37. On the basis of these discussions we believe there are no theological or ecclesiological issues which need to divide us as churches. Consequently we request the Disciples Ecumenical Consultative Council and the World Alliance of Reformed Churches call upon their member churches to say whether or not they can accept the following declaration:

"The Disciples of Christ and the Reformed churches
recognize and accept each other
as visible expressions of the one Church of Christ."

Acceptance of this declaration presses us beyond our divided histories toward a common ecumenical future. We believe that this declaration has several specific implications. It implies sufficient consensus between our two traditions on the meaning of the gospel, on baptism, the Lord's Supper, and ministry to enable our churches to recognize and accept each other's members and ministries, to share reciprocally the Lord's Supper, and to engage in common mission, evangelism, and service in the world. The acceptance of each other as churches also implies our commitment to remove other obstacles which keep us from sharing full fellowship and mission in the name of Christ.

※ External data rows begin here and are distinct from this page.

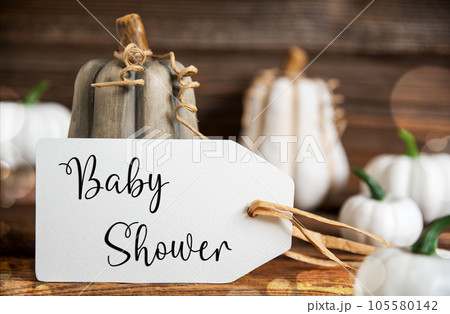 Pumpkin Decoration With Label With Text Baby Shower Pumpkin Decoration With Label With Text Baby Shower 105580142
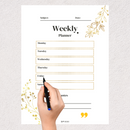 Weekly Planner | Subject, Monday to Saturday, Quotes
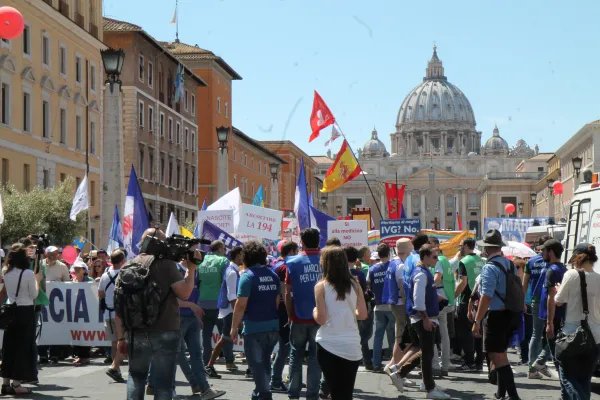 La marcia nei pressi di Piazza San Pietro / Martha Calderón/ACI group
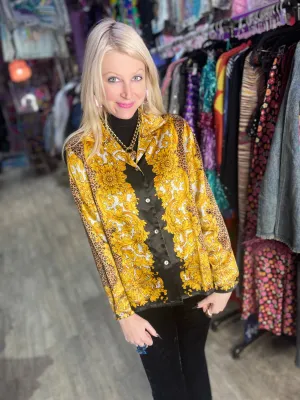 Vintage 90s Luxury Leopard Print Blouse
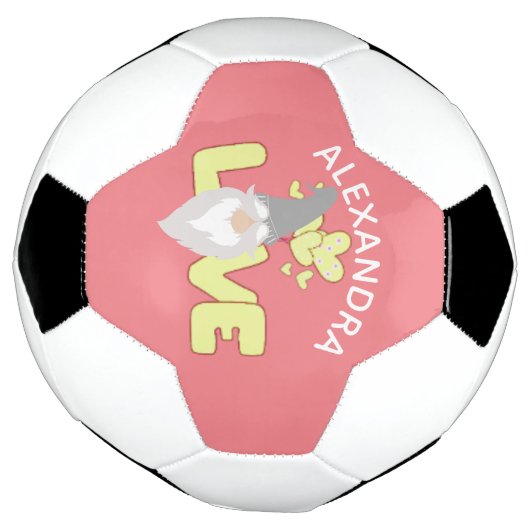 パーソナライズ愛格言ハート黄色と灰色 サッカーボール (回転)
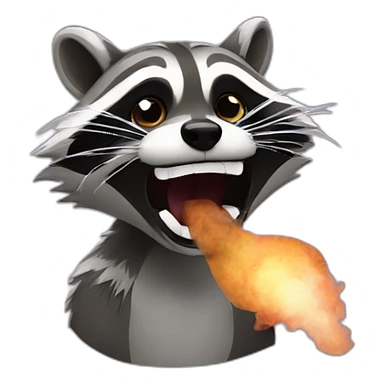 Raccoon opening mouth with smoke coming out sticker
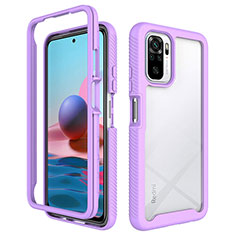 Coque Rebord Contour Silicone et Vitre Transparente Housse Etui 360 Degres ZJ4 pour Xiaomi Redmi Note 10 4G Violet Clair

38. This unity will clearly need to be expressed in each local and national context where Disciples and Reformed exist. Its form will vary in different situations. Faithfulness to God's call to visible unity may encourage some of our churches to achieve some form of visible unity in their national or regional situation. Our member churches may also be drawn into closer cooperation (e.g., local covenants, shared buildings, shared ministries, united congregations, joint mission beyond congregations, and joint theological education) and into costly solidarity with the poor, oppressed, and marginalized. Our churches may further be drawn into dialogue on specific theological and missional issues, e.g., the presidency of the Lord's Supper, the crisis of the environment, peace and justice, the witness of the disabled, the use of inclusive language in theology and liturgy.

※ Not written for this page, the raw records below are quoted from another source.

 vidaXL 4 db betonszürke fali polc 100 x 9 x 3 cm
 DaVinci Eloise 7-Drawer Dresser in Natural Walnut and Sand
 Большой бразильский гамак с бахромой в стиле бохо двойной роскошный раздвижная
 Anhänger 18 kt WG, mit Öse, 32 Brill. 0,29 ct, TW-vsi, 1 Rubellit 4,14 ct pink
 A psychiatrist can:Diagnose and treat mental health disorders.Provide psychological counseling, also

39. We trust our common declaration will lead the Disciples Ecumenical Consultative Council and the World Alliance of Reformed Churches to work more deliberately to express their unity in Christ. In anticipation of a growing relationship of unity, we propose several new links, namely that the Disciples Ecumenical Consultative Council and the World Alliance of Reformed Churches:

  1. (i) Establish regular communication between each other, especially about the major activities, programme strategies, and ecclesiological developments in each tradition, and involving reports to their plenary meetings.
  2. Send special delegations to each meeting of the DECC's Assembly (every 5-7 years) and Warc's General Council (every 5-7 years). These delegations should include persons from diverse constituencies, such as women and men, those from the "Third World", as well as Europe and North America, and those of different races and ethnic groups.
  3. Encourage awareness and learning experience from those united churches in which Disciples and Reformed have lived together in faith and witness (viz., United Kingdom, North India, Zaire, Jamaica, Japan, Southern Africa).
  4. Pursue common theological work, focusing upon common concerns which emerge from our participation in the wider ecumenical movement.
  5. Give attention to the widespread distribution of this report of the Birmingham international consultation, calling upon the churches to study its issues and proposals and to offer their counsel about the future between these two families of churches.